Does this connector have support for formulas?
Thank you for posting your question.
We would like to confirm that calculated values are supported in Flexmonster Pivot Table for MongoDB.
However, please note that the `individual` parameter of the `measure` object is currently not supported for this data source, as it requires access to raw, unaggregated data. This is not possible with MongoDB, because in this case all the aggregations are calculated on the server-side before the data is transferred to the pivot table.
Feel free to check out the following documentation page for detailed instructions on how to use calculated values in Flexmonster: https://www.flexmonster.com/doc/calculated-values
Please let us know if this helps.
That’s great, thanks.
Do you know at this time whether the Elasticsearch connector will be updated to support formula?
We do have plans to move the Elasticsearch connection to the custom data source API model, which will make it possible to use calculated values with Elasticsearch.
At the moment, we are not able to provide you with a precise ETA for this, but we will make sure to let you know once there are any updates on this matter.
Please let us know if you have any other questions we can help you with at the moment.
I’m having trouble with the MongoDB sample project on a Mac.
rmdir /S /Q "build/" && tsc
fails when running
npm run build
Thank you for reporting this issue.
We’ve updated the sample project on GitHub and tested it – the error is now resolved and everything is working fine.
Could you please clone the updated version of the project and let us know if the issue persists on your side?
Thank you in advance and looking forward to hearing from you.
Sure, will give it a try.
Another question – how can we get flexmonster to apply specific headers to the request? We’re planning to use your demo project as a starting point for a proxy but want to pass in a jwt to authenticate the requests.
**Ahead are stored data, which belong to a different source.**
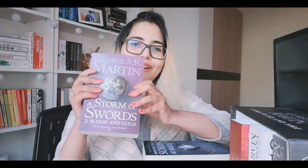Then the third book is A Storm of Swords: Steel and Snow — so this is Part 1. And A Storm of Swords: Blood and Gold — Part 2. Then the fourth book — A Feast for Crows.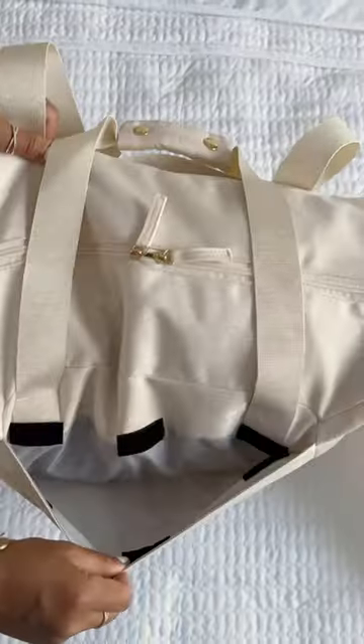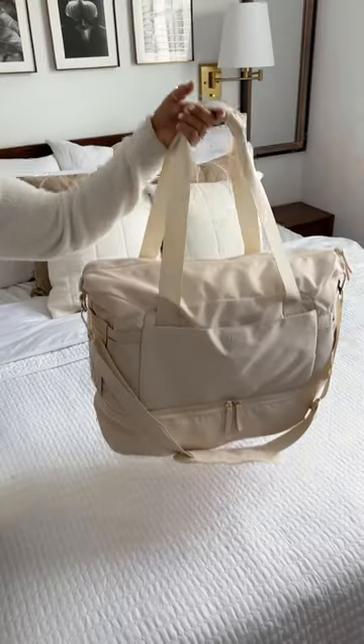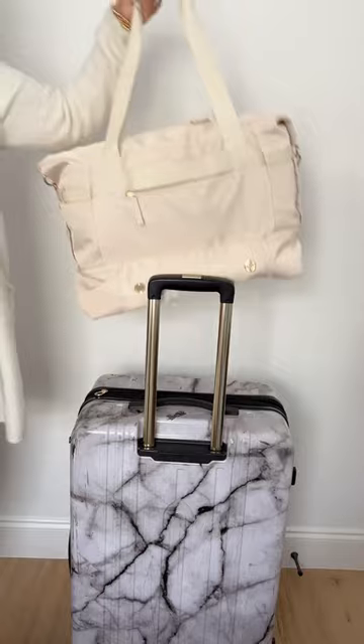It's loaded with tons of storage and pockets, has a separate compartment for shoes with circulation air holes along with shoe bags, and a backhook to slide onto your luggage handle for big trips.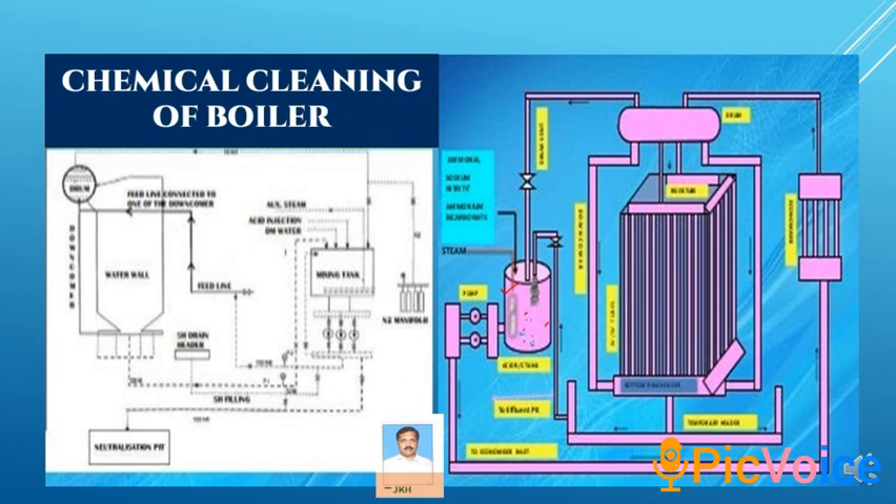The second stage is alkaline cleaning. For this, disodium and trisodium phosphate are mixed in the mixing tank with DM water and they thoroughly clean under 90 degree temperature using auxiliary steam. It is then disposed to the disposal area.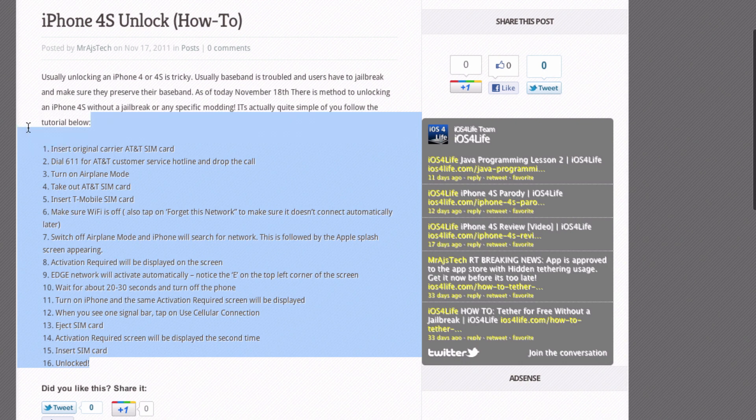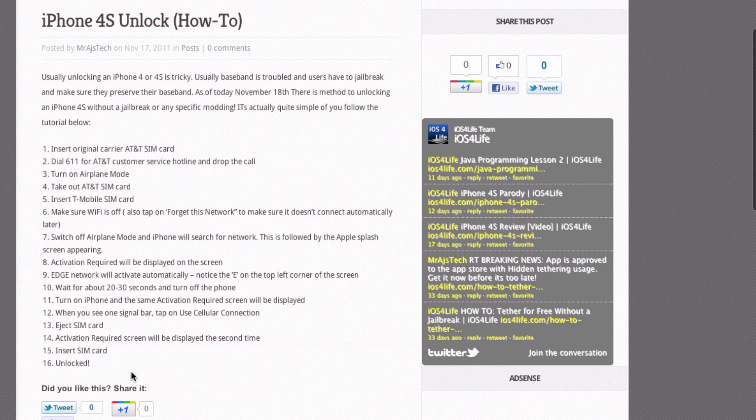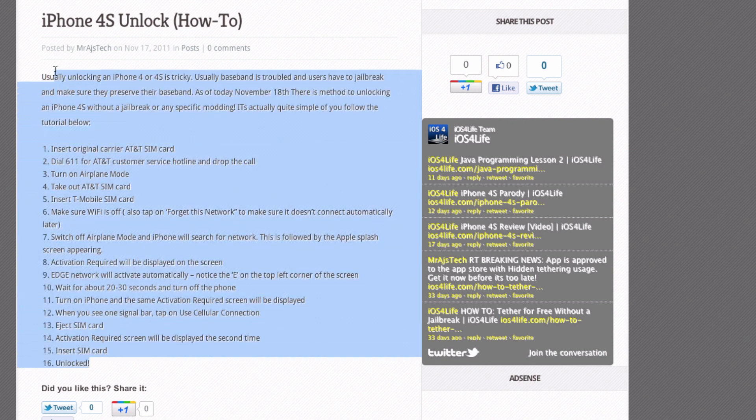So that means that maybe when you update to 5.0.2, this might get patched. But this is going to allow you to unlock your iPhone 4s for T-Mobile or another GSM network. So if you have an AT&T iPhone 4s, you can go ahead and unlock it for T-Mobile. This might be related to the AT&T and T-Mobile merger situation. But anyways, this is working right now, so you can go ahead and unlock your iPhone 4s with these instructions on iOS4life.com.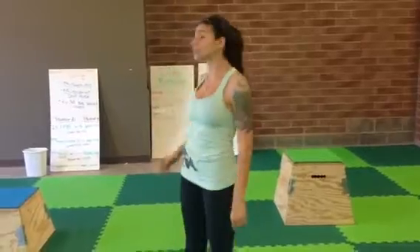Hi, Courtney here from OTG Bootcamp. Today is day 3 of the leg challenge and this is your instructional video.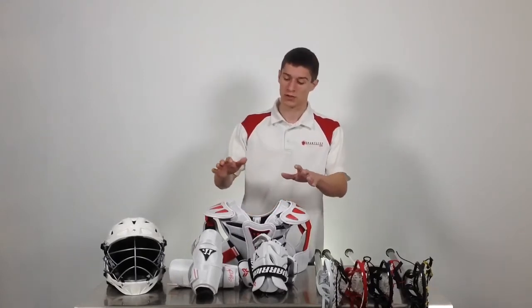I'm Mike Armstrong with Sportstop.com and this is the Warrior Rabelnext 5-piece Starter Set. The 5-piece Starter Set comes with the Rabelnext shoulder pads, arm pads, gloves, and complete stick, as well as the Brine STR helmet. The best part about our Starter Set is you're able to pick the size of your shoulder pads, arm pads, gloves, and helmet, as well as stick color completely separately.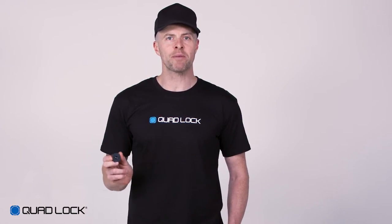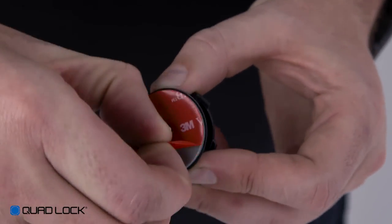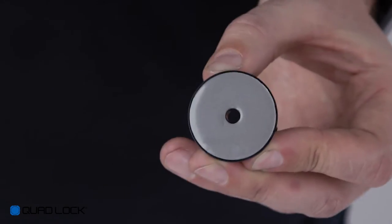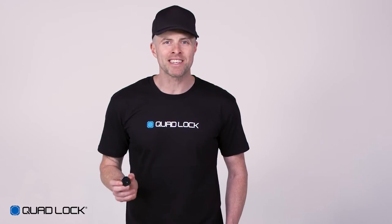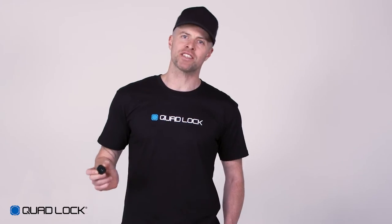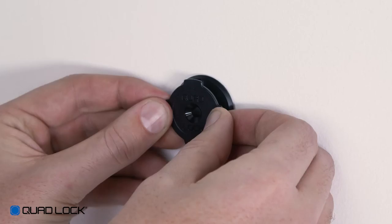To attach your adhesive mount, we recommend first cleaning the surface with an alcohol base cleaner, then peel the film from the back of the self-adhesive and position on the wall. To help alignment, it may be easier to click the adhesive mount into your smartphone and then use it to align the mount in the correct position.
This can be achieved using the
requestHeaders property of the
dataSource object, which itself is an object containing key-value pairs, where
key is a header name and
value is the header value.
For more info on the data source object and all its properties please check out the following page: https://www.flexmonster.com/api/data-source-object
Please let us know if this helps.
Thanks that helps a lot.
We’re close to a deployed solution now.
A couple of things:
2. When I tested formula, the formula just dissappeared when I saved them. Could this be a bug?
Thank you for your offer to provide us with a sample dockerfile, it could be put to good use. Could you please send it to us via email so that we can inspect it & release it after that?
Speaking of your second point, we did not manage to reproduce the described behaviour. On our side, the calculated measure was saved successfully and available on the bottom of the “All fields” window in the Field List.
Perhaps, you could share your report and data sample with us so that we can try to reproduce the issue with your configurations? It would also be helpful for our investigation if you could describe the exact steps you’ve followed before running into the issue.
Looking forward to hearing from you.
I can’t reproduct it either now!
Another question – when I set the Bson type in our documents to Bson Decimal128, it appears as a binary array in the fields editor.
Is that expected behaviour?
Thank you for reporting this behaviour.
This is a known issue which we’ve encountered earlier and we are going to fix it in the upcoming 2.8.2 release ETA March 10th.
Please let us know if there is anything else we can help you with in the meantime.
Great, look forward to the new release, thanks!
We are glad to announce that the issue with Decimal128 type was fixed. This is included in the 2.8.2 version of Flexmonster: https://www.flexmonster.com/release-notes/
You are welcome to update the component. Here is our updating to the latest version guide for assistance: https://www.flexmonster.com/doc/updating-to-the-latest-version/
Please let us know if everything works fine for you.
We’re now using the MongoDB connector and the performance has started to degrade now that the collection has over a million rows.
From your own use, do you know whether indexing would help? The performance advisor on MongoDB Atlas doesn’t suggest anything so I wonder whether indexing helps when using aggregations rather than standard queries.
Thank you for your question.
The issue with MongoDB connector performance is a known problem – the whole collection needs to be scanned when executing a query and if the collection is massive, it naturally takes more time to be executed.
Nevertheless, we are planning to improve the performance with the help of caching and further query optimization – we will make sure to let you know once there are any updates on this.
Answering your question regarding indexing, from our experience the indexes for aggregation pipelines are not very efficient and do not help a lot when it comes to query optimization.
Please let us know if you have any other questions we can help you with.
Further to my question on aggregation pipelines, it would be good to see when the queries are hitting the indexes.
Could you consider enabling
in the mongodb connector and logging it in some way so we can see whether there are optimizations that can be done?
Thank you for your suggestion – we’ve discussed this with our team and it seems to us that adding support for
$indexStats would be reasonable.
With that in mind, we’ve added this feature to our todo list – we’ll return to you with updates once there is enough progress with the whole MongoDB connector optimization process.
Please let us know if there is anything else you would like to discuss in the meantime.